There are several major forms of amyloidosis. The principal types of amyloidosis seen in tertiary referral centers and inpatient medical services are the AL (primary) and AA (secondary) types, although other types of amyloid (eg, ATTR) are clinically important, some of which are common and others rare.

The prevalence of the most common types of amyloidosis varies between different parts of the world. In developed countries, AL is the most common type of systemic amyloidosis, while, in developing countries, AA amyloid is more frequent. This is a likely result of a higher burden of chronic infectious diseases such as tuberculosis, leprosy, and osteomyelitis in the latter. In the two most common forms of systemic amyloidosis, primary (AL) and secondary (AA) amyloidosis, the major sites of clinically important amyloid deposition are in the kidneys, heart, and liver. In some disorders, clinically important amyloid deposition is limited to one organ.
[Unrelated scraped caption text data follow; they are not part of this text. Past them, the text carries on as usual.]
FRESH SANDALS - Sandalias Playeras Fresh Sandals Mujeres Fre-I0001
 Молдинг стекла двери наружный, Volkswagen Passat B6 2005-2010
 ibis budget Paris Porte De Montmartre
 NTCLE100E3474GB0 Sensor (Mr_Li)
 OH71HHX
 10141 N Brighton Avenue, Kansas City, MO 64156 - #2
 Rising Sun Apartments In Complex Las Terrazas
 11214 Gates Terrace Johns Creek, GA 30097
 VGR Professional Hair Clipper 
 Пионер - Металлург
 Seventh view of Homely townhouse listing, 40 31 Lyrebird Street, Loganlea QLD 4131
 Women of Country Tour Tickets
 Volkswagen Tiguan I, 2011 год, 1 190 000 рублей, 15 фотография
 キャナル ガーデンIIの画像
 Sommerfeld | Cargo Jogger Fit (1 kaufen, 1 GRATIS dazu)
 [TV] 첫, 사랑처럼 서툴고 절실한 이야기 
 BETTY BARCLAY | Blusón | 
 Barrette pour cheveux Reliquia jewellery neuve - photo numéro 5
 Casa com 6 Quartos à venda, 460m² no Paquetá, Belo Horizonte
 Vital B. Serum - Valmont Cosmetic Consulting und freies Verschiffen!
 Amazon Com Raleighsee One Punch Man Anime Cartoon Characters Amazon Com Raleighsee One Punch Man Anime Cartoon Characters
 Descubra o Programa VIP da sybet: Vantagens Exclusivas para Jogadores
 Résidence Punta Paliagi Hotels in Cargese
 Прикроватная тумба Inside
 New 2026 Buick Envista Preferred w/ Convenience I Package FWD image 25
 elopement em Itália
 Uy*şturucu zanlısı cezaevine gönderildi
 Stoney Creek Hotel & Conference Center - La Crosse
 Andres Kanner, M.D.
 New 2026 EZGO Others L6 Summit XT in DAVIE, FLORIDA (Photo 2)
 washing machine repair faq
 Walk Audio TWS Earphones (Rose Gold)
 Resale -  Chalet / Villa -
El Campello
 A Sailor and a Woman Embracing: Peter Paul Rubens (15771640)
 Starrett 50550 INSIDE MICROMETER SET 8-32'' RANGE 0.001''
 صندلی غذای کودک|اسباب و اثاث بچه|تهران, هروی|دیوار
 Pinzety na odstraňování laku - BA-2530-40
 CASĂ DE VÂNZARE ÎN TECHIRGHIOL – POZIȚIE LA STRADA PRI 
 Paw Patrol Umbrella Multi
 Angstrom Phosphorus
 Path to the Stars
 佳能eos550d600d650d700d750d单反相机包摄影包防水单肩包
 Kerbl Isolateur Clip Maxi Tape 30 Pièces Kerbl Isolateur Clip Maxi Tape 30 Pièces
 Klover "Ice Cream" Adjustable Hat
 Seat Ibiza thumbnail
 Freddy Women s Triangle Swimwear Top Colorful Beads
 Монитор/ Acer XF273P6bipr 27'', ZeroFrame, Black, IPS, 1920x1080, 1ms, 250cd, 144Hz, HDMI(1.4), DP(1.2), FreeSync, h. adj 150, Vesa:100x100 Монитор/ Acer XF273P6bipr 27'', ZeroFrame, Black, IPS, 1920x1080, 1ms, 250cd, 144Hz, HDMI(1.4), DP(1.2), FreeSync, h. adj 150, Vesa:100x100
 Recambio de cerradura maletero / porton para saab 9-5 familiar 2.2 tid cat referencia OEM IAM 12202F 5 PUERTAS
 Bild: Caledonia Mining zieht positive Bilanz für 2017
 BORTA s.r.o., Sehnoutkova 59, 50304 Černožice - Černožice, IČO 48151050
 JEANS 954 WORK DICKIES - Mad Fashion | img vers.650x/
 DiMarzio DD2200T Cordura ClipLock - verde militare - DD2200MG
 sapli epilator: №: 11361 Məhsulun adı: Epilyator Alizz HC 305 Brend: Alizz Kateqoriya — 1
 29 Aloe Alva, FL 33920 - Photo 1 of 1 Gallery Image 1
The type of precursor protein, the tissue distribution, and the amount of amyloid deposition largely determine clinical manifestations. Some clinical and laboratory features that suggest amyloidosis include waxy skin and easy bruising, enlarged muscles (eg, tongue, deltoids), symptoms and signs of heart failure and cardiac conduction abnormalities, hepatomegaly, evidence of heavy proteinuria or the nephrotic syndrome, peripheral and/or autonomic neuropathy, and impaired coagulation.

The definitive method for diagnosis of amyloidosis is tissue biopsy, although the presence of amyloidosis may be suggested by the history and clinical manifestations (eg, nephrotic syndrome in a patient with multiple myeloma or long-standing, active rheumatoid arthritis). In some patients, the presence of amyloid is demonstrated by findings on imaging.

MCQ: clinical scenario

A patient with systemic amyloidosis becomes progressively jaundiced over three months. On examination he is found to have hepato-splenomegaly, a markedly raised serum alkaline phosphatase.

This patient is most likely to have amyloidosis involvement of the:

a) anterior pararenal space
b) space of Disse
c) vestibule space
d) epidural space
e) sub-arachnoid space

MCQ questions & answers on medicalnotes.info

MCQ: answer

The correct answer is B

MCQ: explanation

The peri-sinusoidal space in the livers are known as spaces of Disse and serve as a major site of amyloid involvement. Hepatocytes are separated from the sinusoids by this plasma-filled space. In the liver, as in other organs, amyloidosis gives rise to amorphous, hyaline extracellular deposits in the walls of arteries and arterioles, with lesser involvement of portal or hepatic veins

Hepatic involvement is common in patients with systemic amyloidosis. Localized disease in the liver is rare but has been reported. Features of hepatic amyloidosis include hepatomegaly and increased serum alkaline phosphatase, each of which are found in 60% of patients with biopsy-proven liver involvement; clinical liver disease, however, is rarely encountered. A small number of patients with hepatic amyloidosis develop severe intrahepatic cholestasis with jaundice. This syndrome portends a poor prognosis, although death results from extrahepatic (primarily renal) disease.

Liver biopsy is not required to confirm hepatic involvement in patients with known systemic amyloidosis. If the diagnosis is uncertain, liver biopsy may be useful and can be performed safely if clotting parameters are normal and any history of a bleeding disorder is excluded.